In addition to their thermal qualities, materials have been selected to optimize as far as economically practical materials which are long life, renewable, re-used, re-cycled, non-polluting and/or which minimize the expenditure of embodied energy.
In the Earth Residence 100% of the structural and finish timber is re-used. Huge fir beams from a factory demolition in Hamilton were transported and a portable sawmill was temporarily installed on the site. This is owned and operated by a local Mennonite who was assisted by YMCA staff, and all the lumber was re-cut to produce large beams, 2 x 4’s and even siding. The glulam beams, heavy timber ceiling decking and plywood was re-used. Concrete incorporates the maximum allowable re-cycled content. The floor finish is tile and carpet made from re-cycled plastic pop bottles.
The materials for the Day Centre are under re-review in light of the current availability of re-used materials in readiness for a construction start this Spring. This highlights a fundamental obstacle to the widespread use of re-used materials. At this time, the sourcing of materials, arrangements for transportation, re-working or re-cycling and the grading of structural components in a manner acceptable to the local building official all fall to the owner and project consultants. It is very time-consuming, expensive and plays havoc with timetables and the orderly organization of the construction contract. A lesson gleaned from building the Earth Residences is that central collection, sorting and grading centres are required if we are to re-use and re-cycle effectively and on a large scale in the future.

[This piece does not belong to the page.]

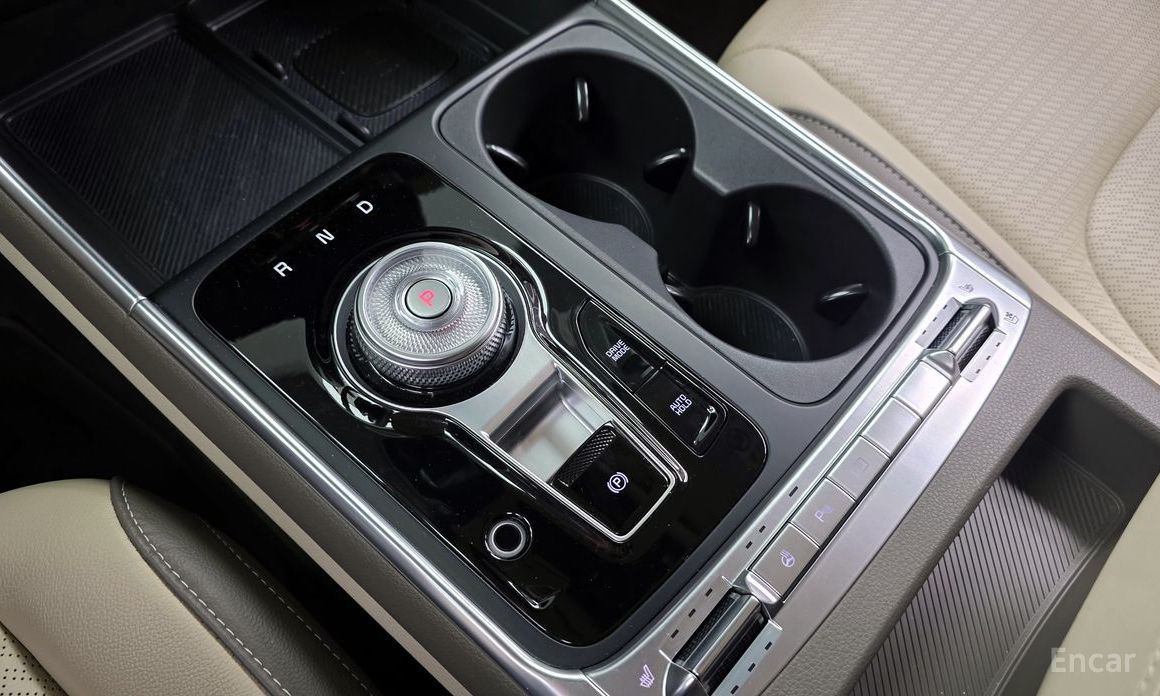 2024 Kia Carnival IV Рестайлинг Gasoline 9-Seater Signature с пробегом 16 362 км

The site and landscaping design optimizes the use of native, low maintenance plants and re-cycled or re-used construction materials. A new parking lot is surfaced with 100% re-cycled gravel, tree spades have been used to re-locate scores of semi-mature trees, and grading and planting are contrived to provide an agreeable micro-climate, prevent erosion and ensure that rain-water run-off is returned unpolluted to the aquifer. Trees which are not suitable for re-use are mulched and used on the new pathways.
These first two buildings represent the first stage of a far-sighted initiative taken by an enlightened client who is dedicated to encouraging people “to live lighter on this earth”. Thousands of children (and many adults) will be taught love and respect for nature and hopefully realize that transforming lifestyles can be challenging and fun. By taking a leadership role within the national organization, the Kitchener-Waterloo YMCA has made a commitment to the promotion of environmental values and knowledge for many generations to come. The Environmental Learning Centre will offer people the only camp of its kind in Canada -- and probably North America.